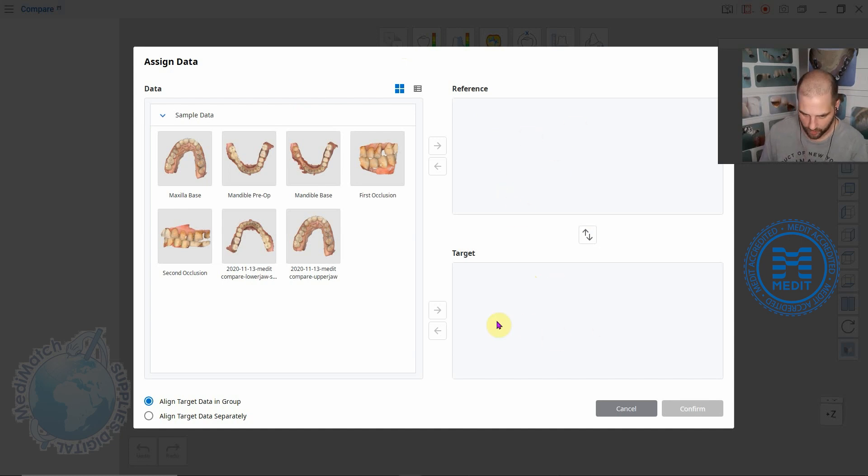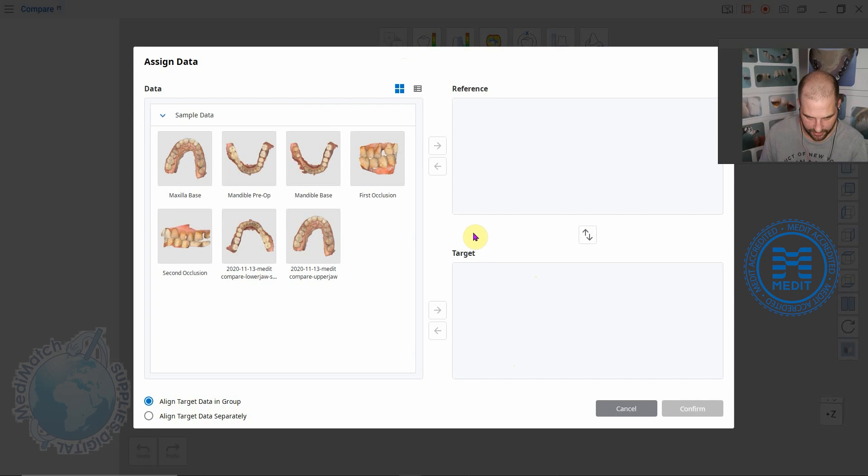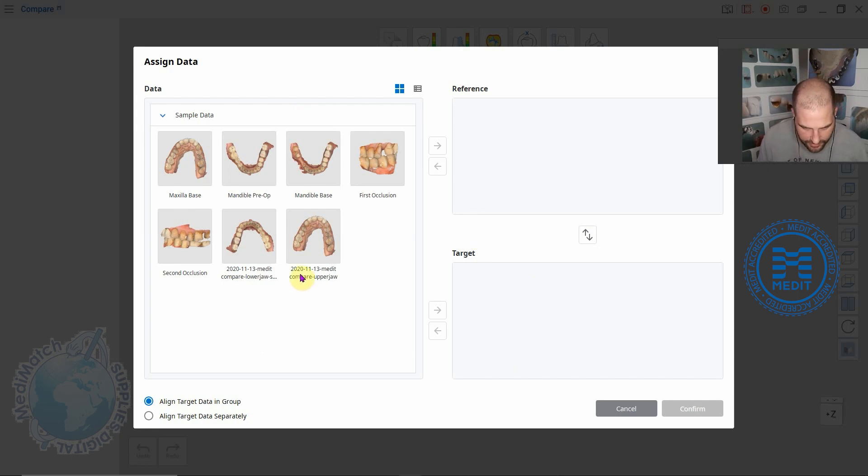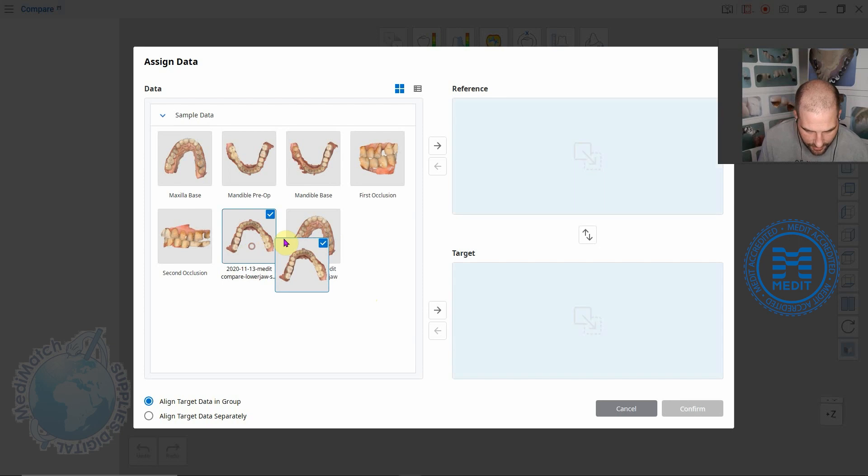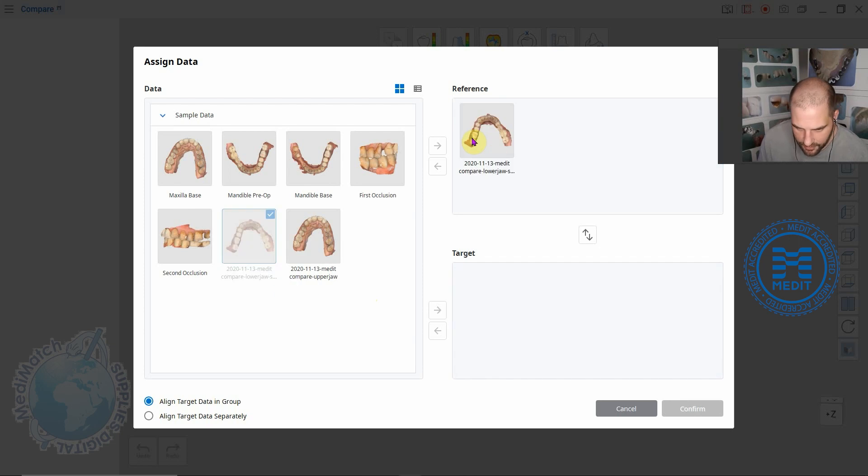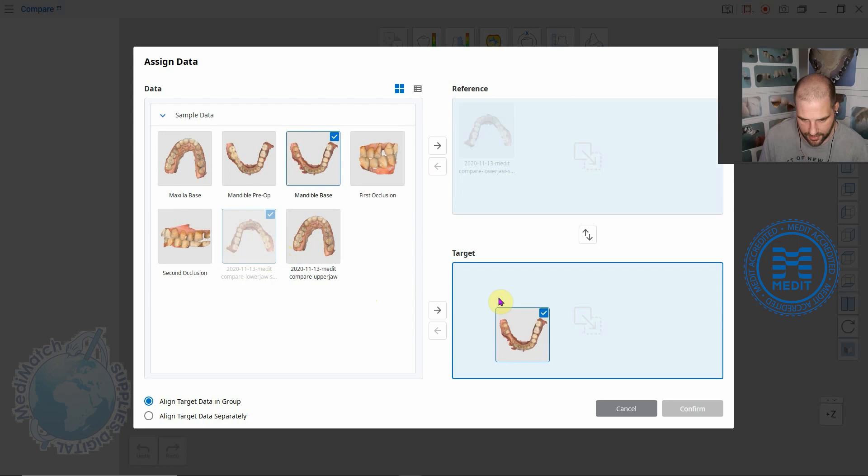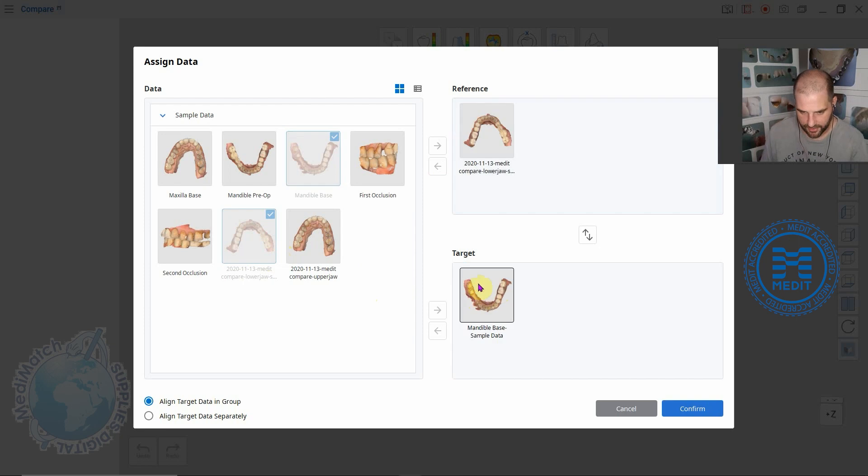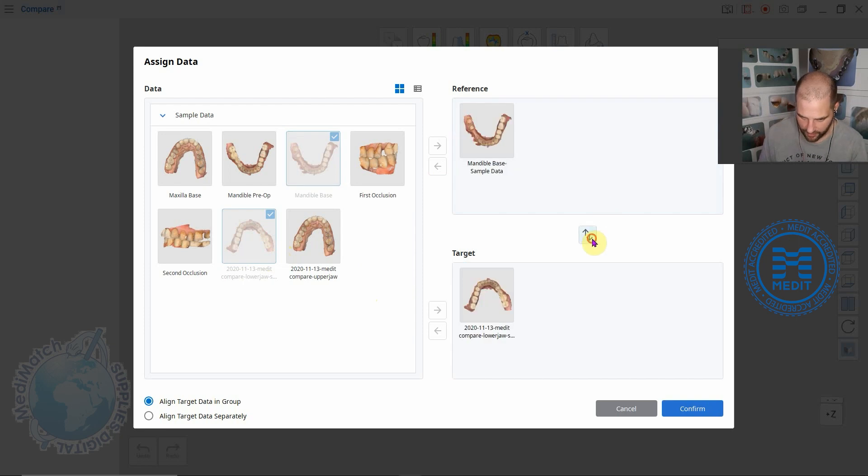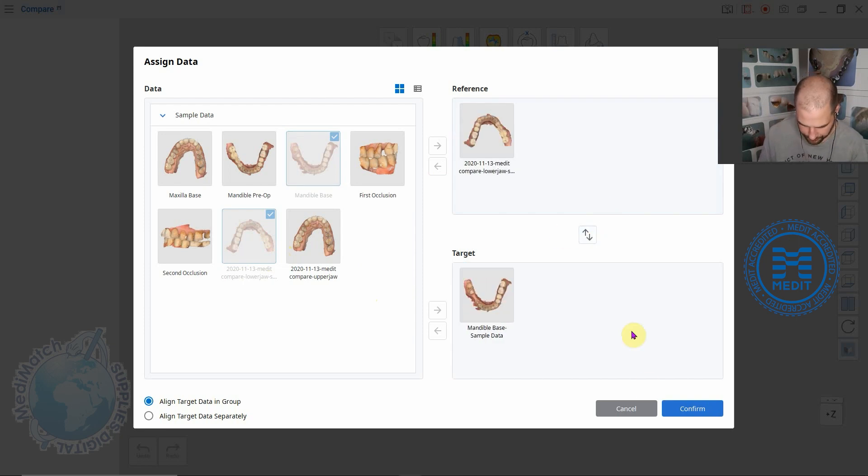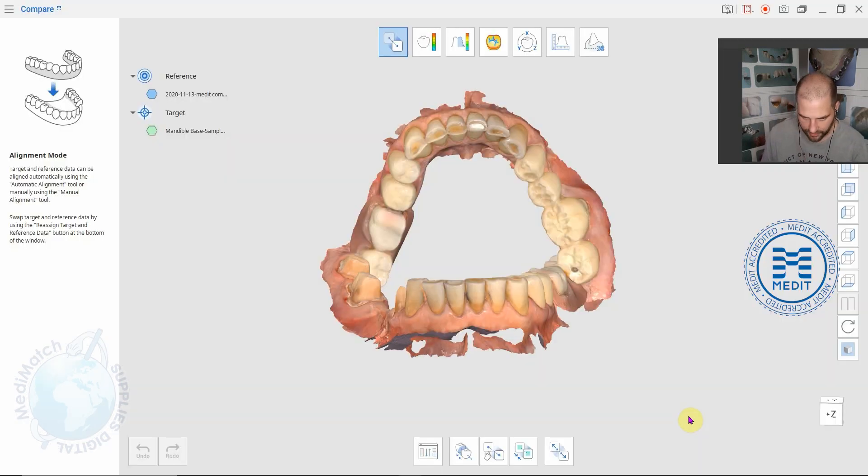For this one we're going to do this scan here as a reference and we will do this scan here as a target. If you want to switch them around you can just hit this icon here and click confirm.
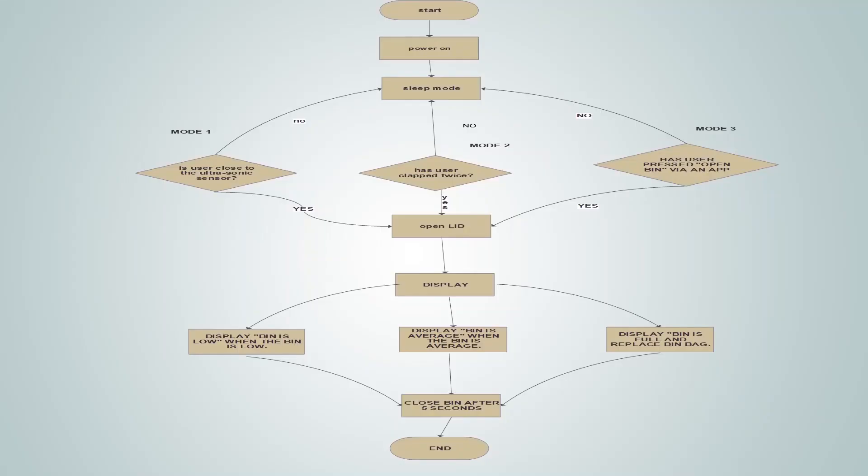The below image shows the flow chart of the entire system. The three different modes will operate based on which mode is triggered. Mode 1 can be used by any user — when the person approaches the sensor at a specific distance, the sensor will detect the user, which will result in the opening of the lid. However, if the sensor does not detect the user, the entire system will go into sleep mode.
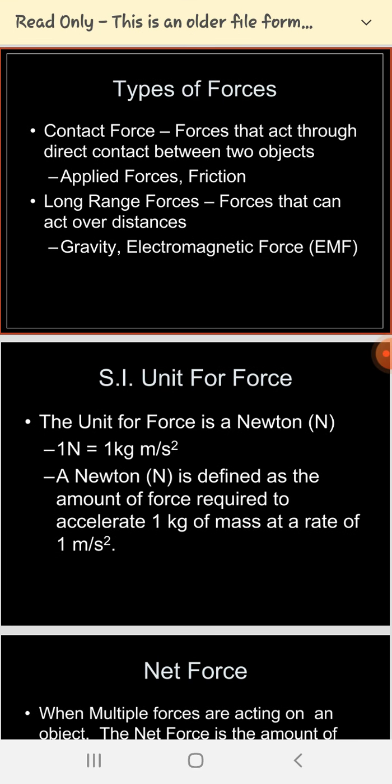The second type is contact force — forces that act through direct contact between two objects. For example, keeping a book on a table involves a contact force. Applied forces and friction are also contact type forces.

> [EXERCISE DESCRIPTION]
Apart from the images, reproduce the listing exactly as it appears.

> [REPLY TO THE TASK]
For this one we're going to do this scan here as a reference and we will do this scan here as a target. If you want to switch them around you can just hit this icon here and click confirm.
The below image shows the flow chart of the entire system. The three different modes will operate based on which mode is triggered. Mode 1 can be used by any user — when the person approaches the sensor at a specific distance, the sensor will detect the user, which will result in the opening of the lid. However, if the sensor does not detect the user, the entire system will go into sleep mode.
The second type is contact force — forces that act through direct contact between two objects. For example, keeping a book on a table involves a contact force. Applied forces and friction are also contact type forces.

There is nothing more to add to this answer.